Kurmes Dernegi Resmi Web Sitesi

Yasaklı Şivan’la Kürtçe yayın

Hürriyet gazetesinin haberine göre; TRT 6’nın Yayın Koordinatörü Sinan İlhan, Almanya’da yaşayan ve Türkiye’ye hukuki sorunları nedeniyle gelemeyen Şivan Perwer’le bizzat görüşmeye gitti. Haftada bir gün müzik programı sunması teklifini kabul eden Perwer, program başına 60 bin
 dolar istedi.

Yasaklı Şivan’la Kürtçe yayın...

Oral çalışlar-Radikal

TRT’nin Kürtçe yayını 1 Ocak 2009’da başlıyor. Yapılacak açılışta Kürtlerin ünlü türkücüsü Şivan Perwer’in konseri banttan yayımlanacak. Hürriyet gazetesinin haberine göre; TRT 6’nın Yayın Koordinatörü Sinan İlhan, Almanya’da yaşayan ve Türkiye’ye hukuki sorunları nedeniyle gelemeyen Şivan Perwer’le bizzat görüşmeye gitti.

 Haftada bir gün müzik programı sunması teklifini kabul eden Perwer, program başına 60 bin
 dolar istedi. TRT bu parayı ödeyemeyeceğini belirtince bant yayına karar verildi.
Şimdi bu haberi nasıl değerlendirmeli?


TRT’nin çabalarını olumlu karşılamak gerekiyor. Sonuç olarak Kürtçe yayını inandırıcı hale getirebilmek amacıyla Kürtlerin tanınmış sanatçılarını programa katmaya çalışıyorlar.
Böyle yapmazlarsa Kürtlerin bu programlara ilgi göstermeyeceği bilinen bir gerçek.
Gazetelere yansıdığı kadarıyla Şivan Perwer’in dışında Rojin de sabahları program yapacak, Nilüfer Akbal ise geceleri yayına katılacak. Yazar Muhsin Kızılkaya da kanala edebiyat programı hazırlayacak. Yine haberlere göre TRT Ahmet Kaya’nın Kürtçe şarkılarını da ilerde yayınlamayı düşünüyor.

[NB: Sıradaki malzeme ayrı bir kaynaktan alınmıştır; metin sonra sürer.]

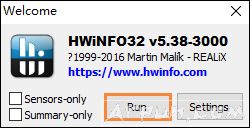 ��ô֪������֧��USB3.0��β鿴�����Ƿ�֧��USB 3.0��Hwinfo32���SATA�˿ڵķ���
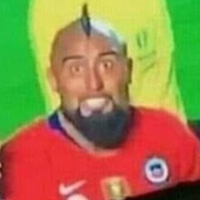 XOTourLlif3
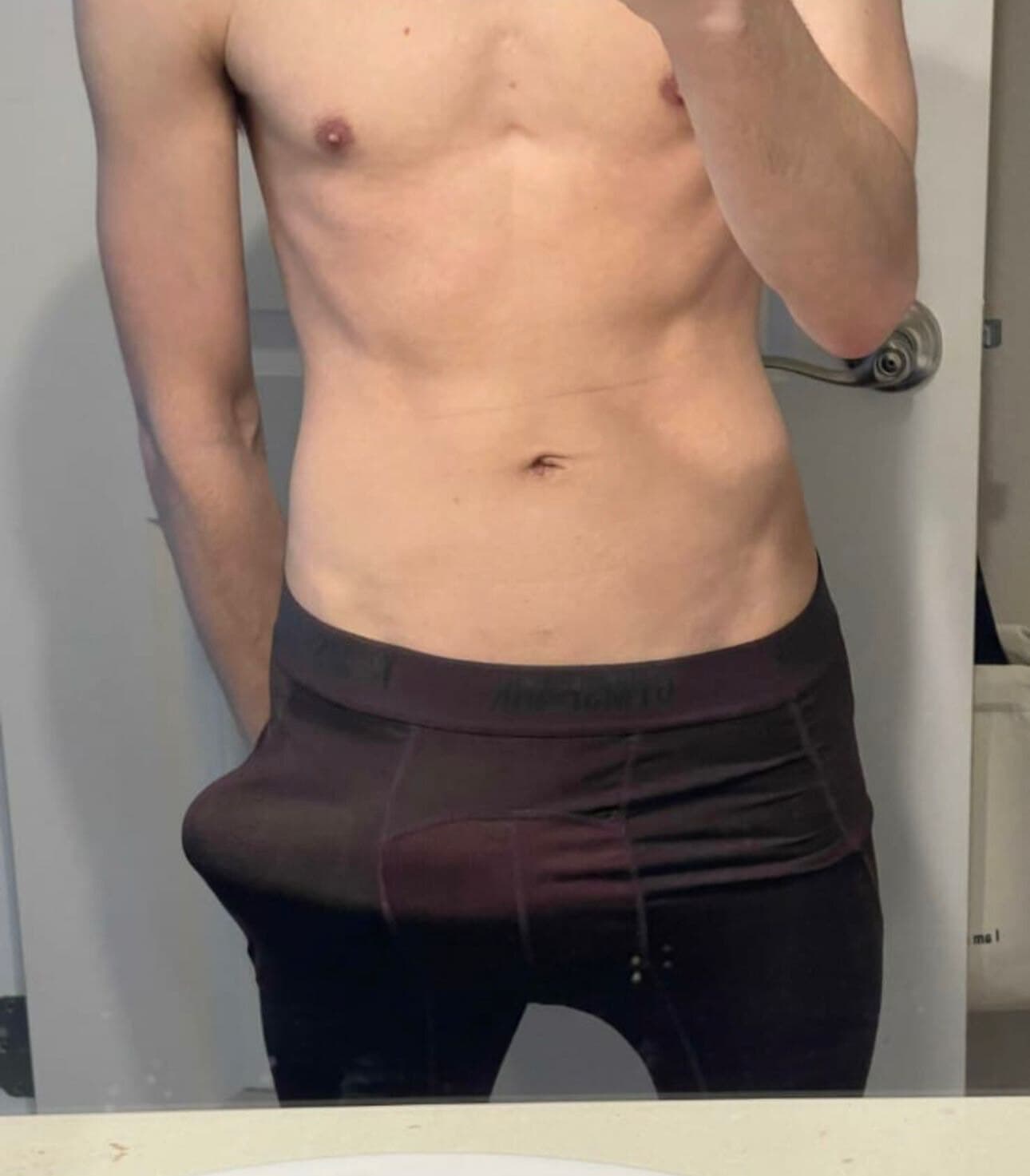 Dylan your twink dream😍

Tabii bu haberlerin dramatik paradoksal yanları olduğu da ayrı bir gerçek. Şivan Perwer hâlâ Türkiye’ye gelemiyor, konser vermesi yasak. Rojin’in, sırf Kürt kimliği nedeniyle devlet tiyatrolarında başına gelmedik kalmadı. Ahmet Kaya ise ayrı bir öykü. Sırf “Bir gün Kürtçe klip yapacağım, bakalım o zaman yayımlayabilecek misiniz?” diye sorduğu için medya lincine uğramış, Türkiye’yi terk etmek zorunda kalmıştı.
Radikal gazetesi de dün TRT’nin Kürtçe yayına başlama çalışmalarıyla birlikte ortaya çıkan çarpıklıklara dikkat çekerken, yasaklı harflerden ve Şivan Perwer’e ilişkin ilginç bir mahkeme kararından söz etti.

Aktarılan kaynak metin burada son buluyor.